▶ [BRIEF]
Pictures left aside, return the lines below exactly, from the one with "Captura de pantalla" to the end, including both ends.

▶ [INFORMATION PROVIDED]
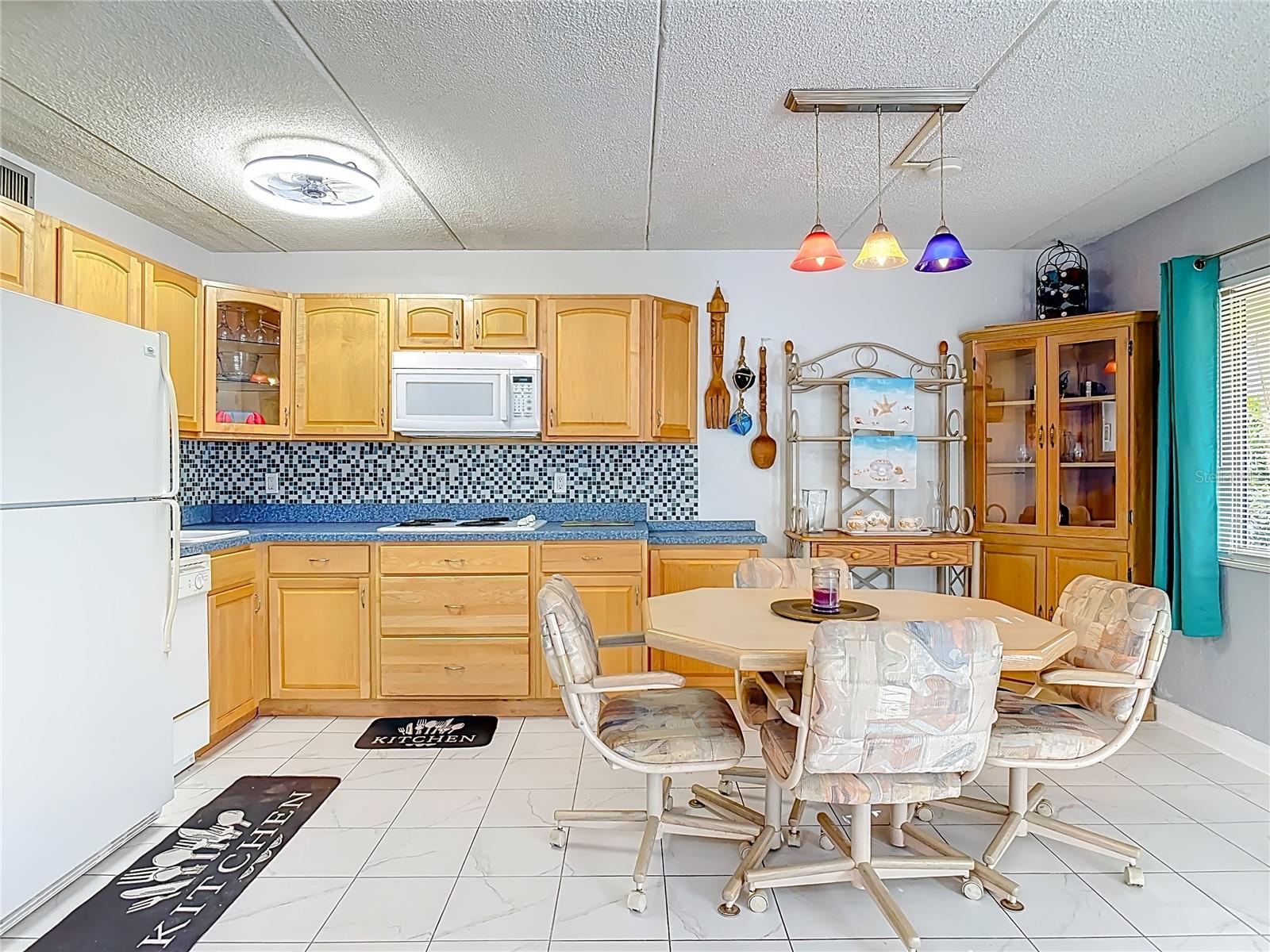 Image 17 of 35 For 400 Oakridge Boulevard 21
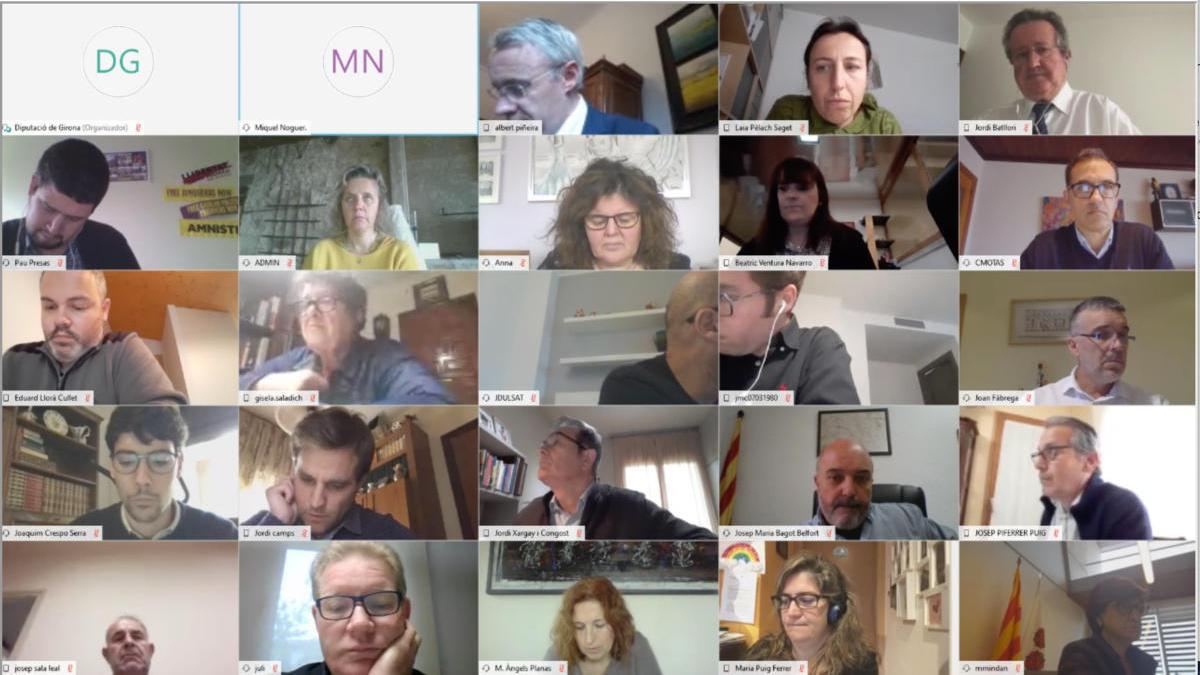 Captura de pantalla del ple telemàtic de la Diputació de Girona amb alguns dels diputats atents a la pantalla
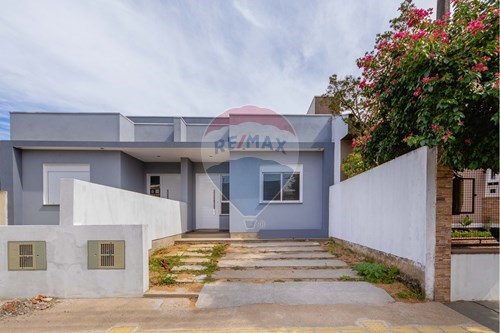 Venda-Casa-Rua Candeias , 205  - Parque da Matriz , Cachoeirinha , Rio Grande do Sul , 94950530-610141006-134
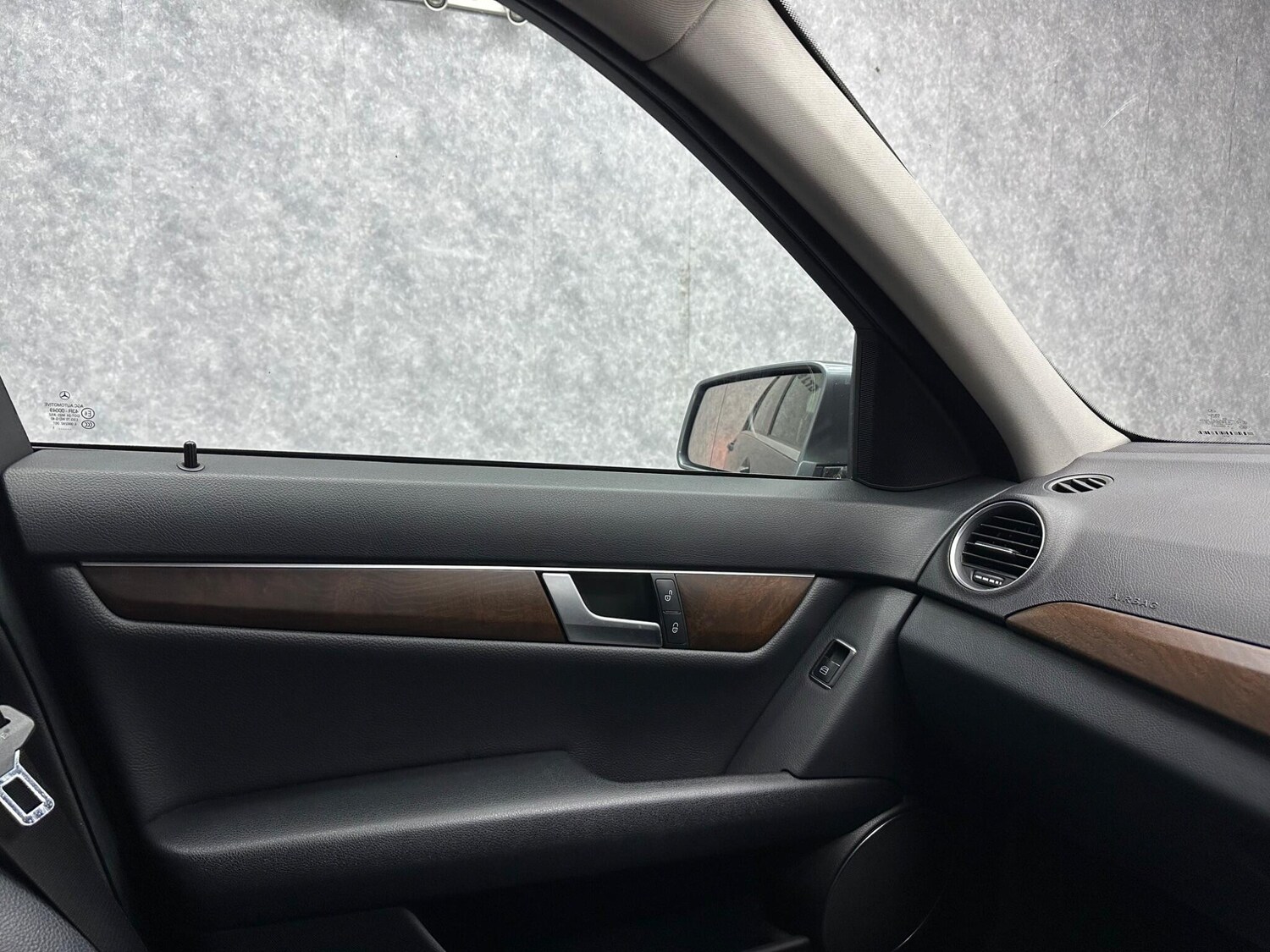 Used Mercedes-Benz C Class 2011 for sale - 78058379: Photo 11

▶ [OUTPUT OF THE EXERCISE]
 Captura de pantalla del ple telemàtic de la Diputació de Girona amb alguns dels diputats atents a la pantalla
 Venda-Casa-Rua Candeias , 205  - Parque da Matriz , Cachoeirinha , Rio Grande do Sul , 94950530-610141006-134
 Used Mercedes-Benz C Class 2011 for sale - 78058379: Photo 11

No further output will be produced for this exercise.